Research is showing increasingly clearly that pre-literate societies, in which no-one read or wrote, were capable of accumulating vast bodies of knowledge and passing these on in intelligible form for thousands of years.When the Klamath people of Oregon, US, were first encountered by Europeans, they recorded stories about the terminal eruption of the massive volcano - later named Mt Mazama by geologists - that once towered over the landscape where iconic Crater Lake now lies.
The stories described the sounds and the nature of this spectacular eruption, leaving us in no doubt that the Klamath must have witnessed it. Until comparatively recently, the community passed on such knowledge only orally. Mt Mazama is now known to have disappeared from the Oregon landscape about 7600 years ago, leaving us to wonder how such stories could endure so extraordinarily long.
This is not an isolated example.
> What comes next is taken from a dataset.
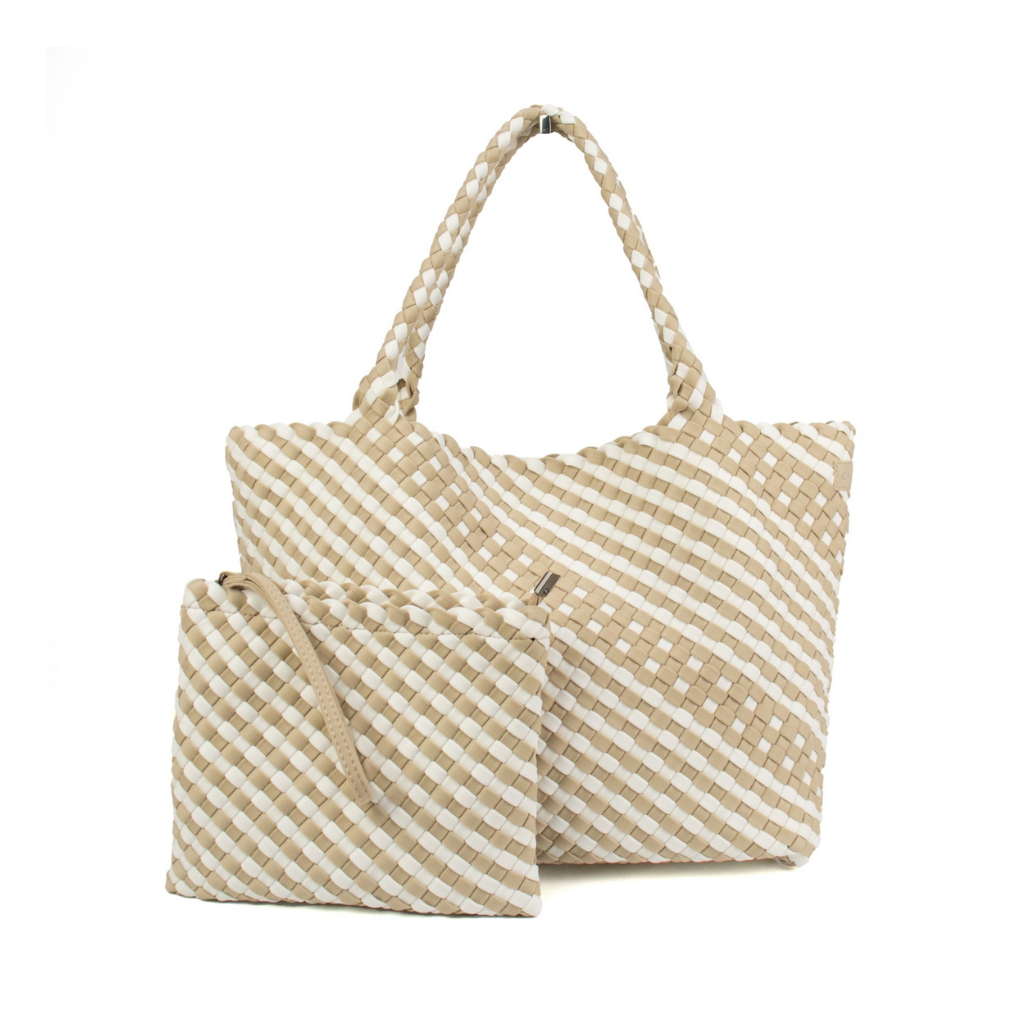 Woven Neoprene Coco Large Tote Beige - Chuchka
From all around the coast of Australia - a land area about the same size as the conterminous United States - we find 22 groups of indigenous stories recalling a time when the ocean surface was much lower, shorelines were further out to sea (sometimes by hundreds of kilometres), and places that are today offshore islands were joined to the mainland.
Most of these stories can only be memories of the time, after the end of the last Ice Age, when the sea level across the entire planet was rising as a result of land-ice melt. Around Australia, this process ended about 7000 years ago, meaning that the stories must have endured at least this long, transmitted orally across some 300 to 400 generations to reach us today in a form that allows little uncertainty about what they recall.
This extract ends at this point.